'''

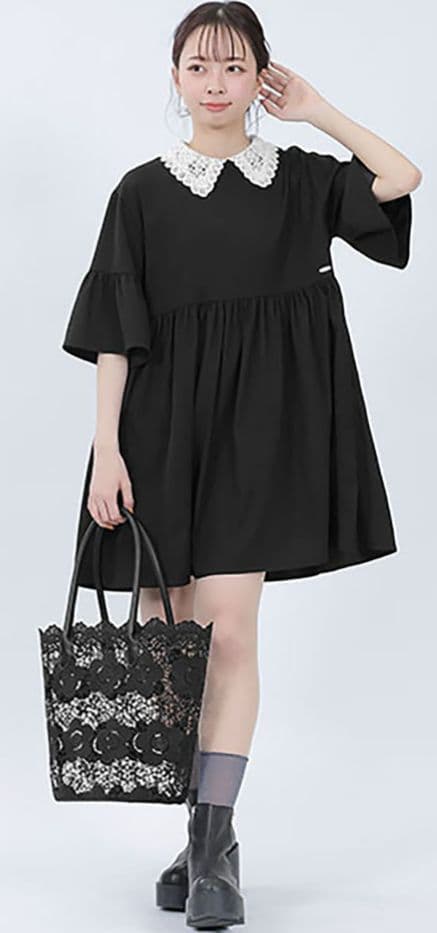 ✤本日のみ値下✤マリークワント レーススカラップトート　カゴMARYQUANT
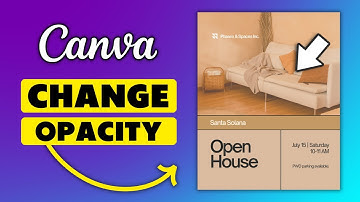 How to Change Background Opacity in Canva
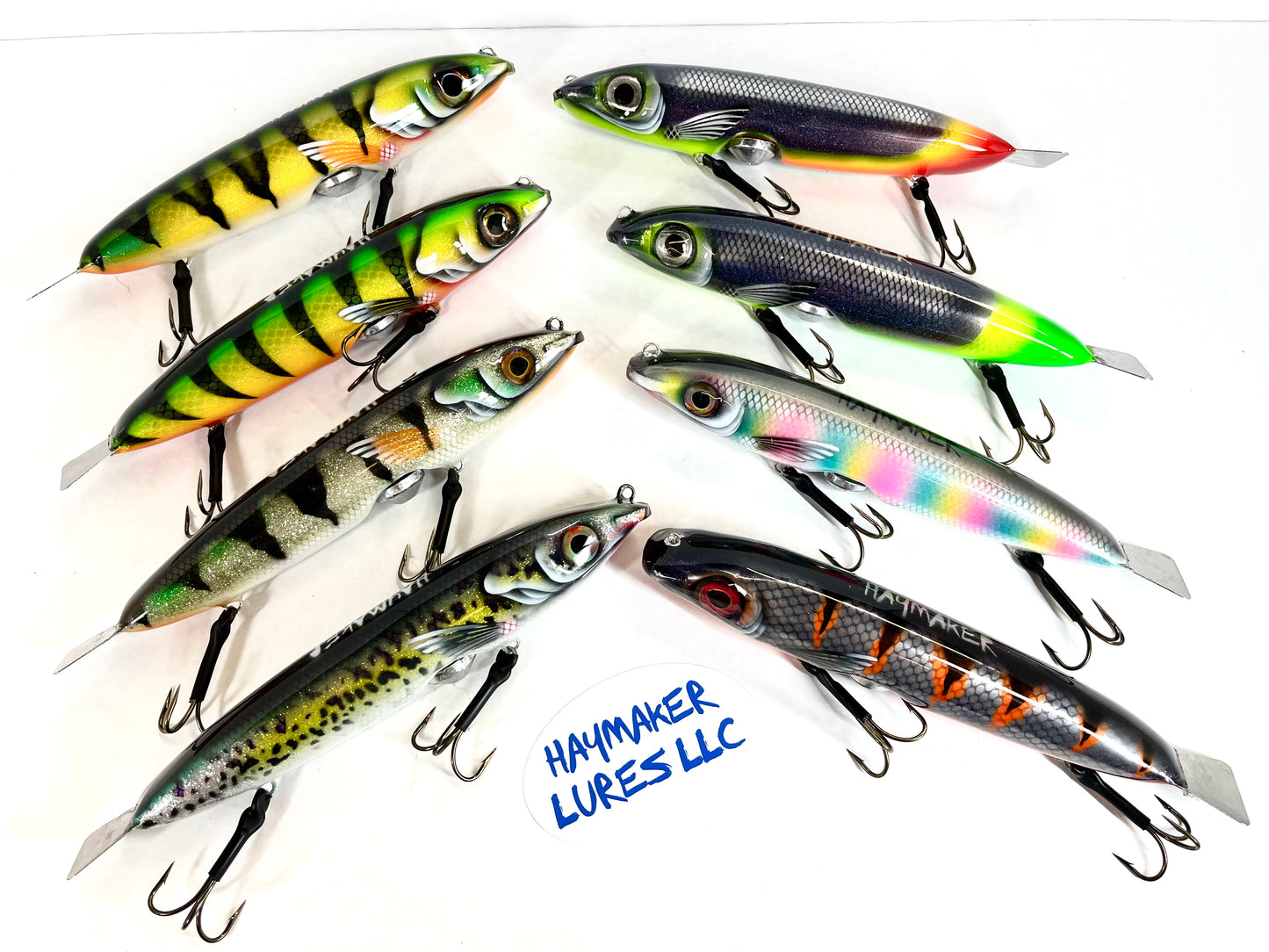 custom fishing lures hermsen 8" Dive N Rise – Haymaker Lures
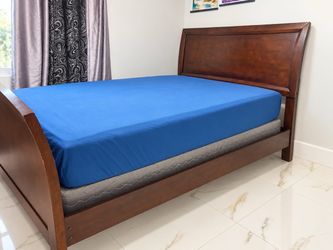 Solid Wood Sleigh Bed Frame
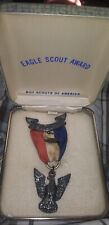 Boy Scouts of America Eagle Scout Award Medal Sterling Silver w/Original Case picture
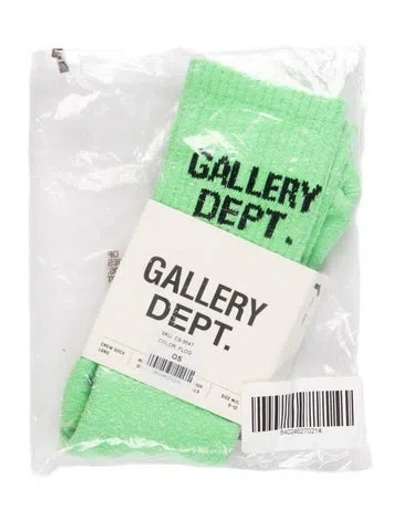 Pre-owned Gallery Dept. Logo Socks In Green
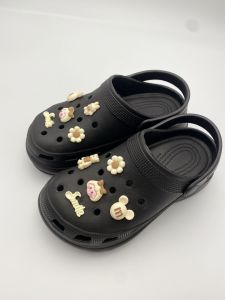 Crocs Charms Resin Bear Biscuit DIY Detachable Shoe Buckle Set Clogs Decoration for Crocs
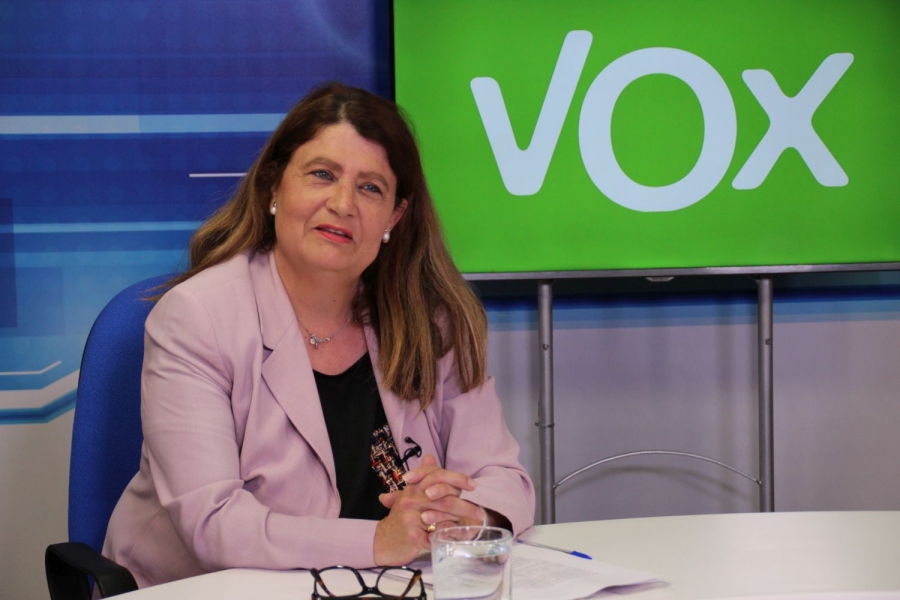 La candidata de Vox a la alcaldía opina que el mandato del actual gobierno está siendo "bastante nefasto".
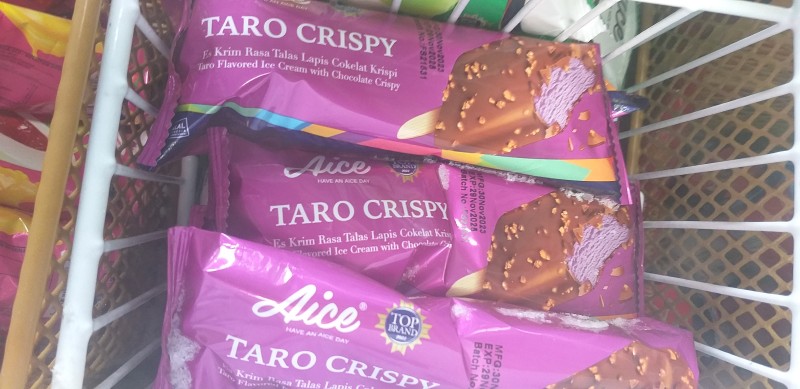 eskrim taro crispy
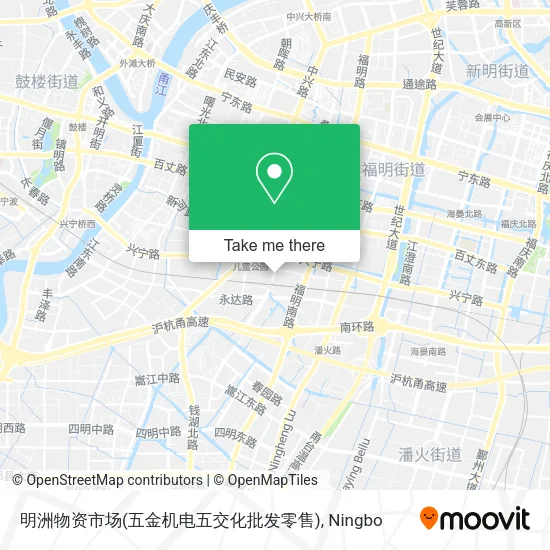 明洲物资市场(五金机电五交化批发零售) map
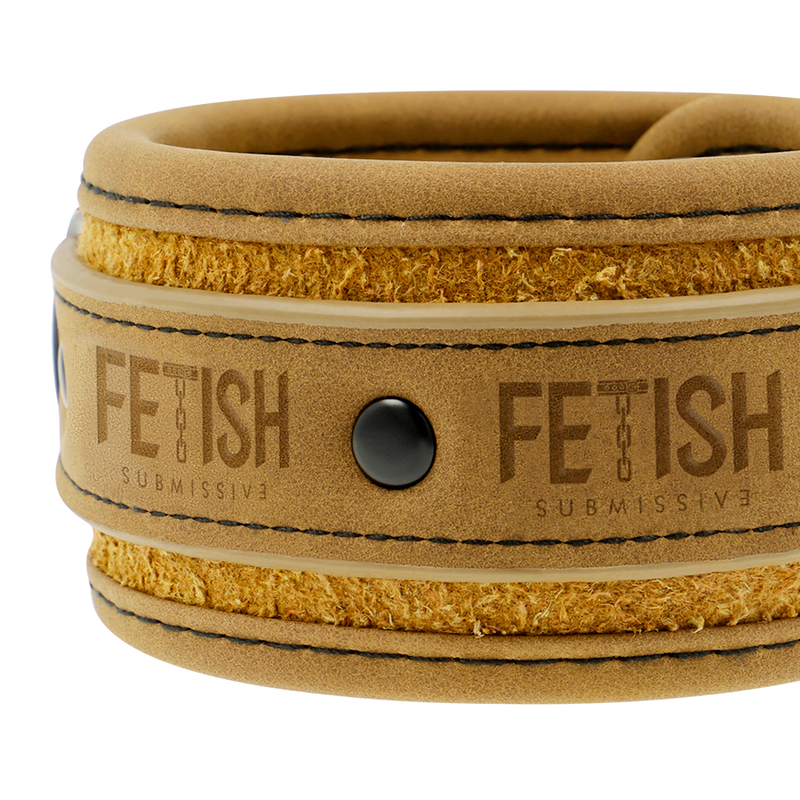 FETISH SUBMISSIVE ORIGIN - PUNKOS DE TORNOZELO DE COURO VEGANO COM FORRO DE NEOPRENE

'''

**Description of the task:** Without the pictures, repeat all the records word for word.

**Expected output:**
 ✤本日のみ値下✤マリークワント レーススカラップトート　カゴMARYQUANT
 How to Change Background Opacity in Canva
 custom fishing lures hermsen 8" Dive N Rise – Haymaker Lures
 Solid Wood Sleigh Bed Frame
 Boy Scouts of America Eagle Scout Award Medal Sterling Silver w/Original Case picture
 Pre-owned Gallery Dept. Logo Socks In Green
 Crocs Charms Resin Bear Biscuit DIY Detachable Shoe Buckle Set Clogs Decoration for Crocs
 La candidata de Vox a la alcaldía opina que el mandato del actual gobierno está siendo "bastante nefasto".
 eskrim taro crispy
 明洲物资市场(五金机电五交化批发零售) map
 FETISH SUBMISSIVE ORIGIN - PUNKOS DE TORNOZELO DE COURO VEGANO COM FORRO DE NEOPRENE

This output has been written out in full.